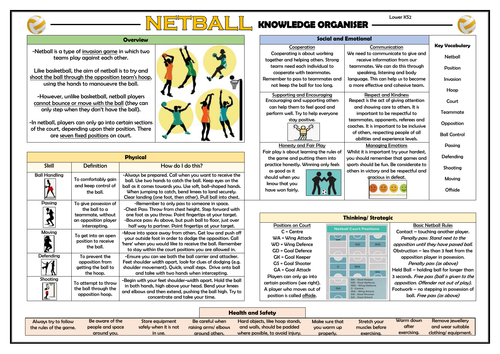 Netball - Lower KS2 Knowledge Organiser!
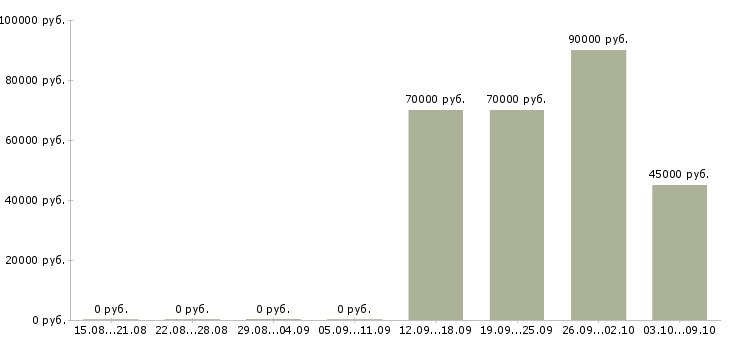 Вакансии начинающий специалист в Сочи - Медиана зарплат начинающий специалист в Сочи за 2 месяца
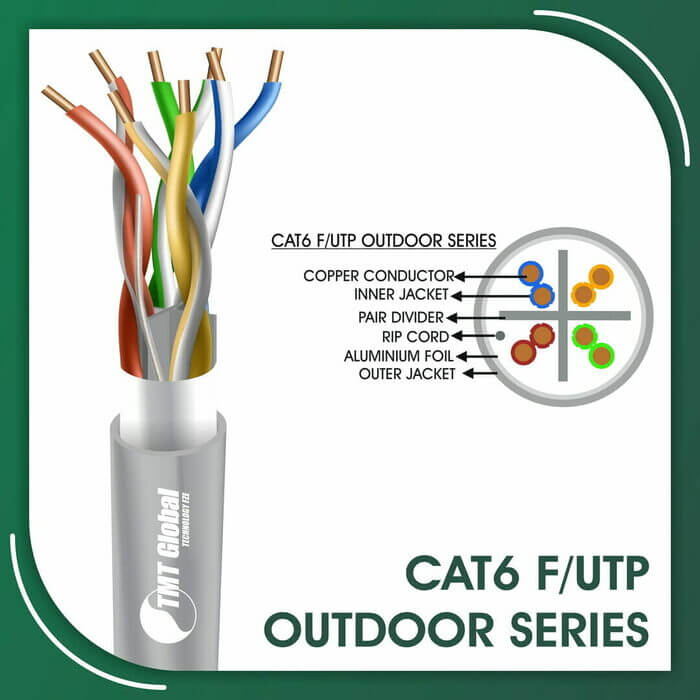 cable connector diagram,cat6 cable connector wiring diagram,cat6 cable crimping color code,cat6 cable datasheet,cat6 cable description,cat6 cable diameter,cat6 cable diameter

§ **Assigned task**
The material above should be printed again exactly, with each picture left out.

§ **Exercise result**
 Netball - Lower KS2 Knowledge Organiser!
 Вакансии начинающий специалист в Сочи - Медиана зарплат начинающий специалист в Сочи за 2 месяца
 cable connector diagram,cat6 cable connector wiring diagram,cat6 cable crimping color code,cat6 cable datasheet,cat6 cable description,cat6 cable diameter,cat6 cable diameter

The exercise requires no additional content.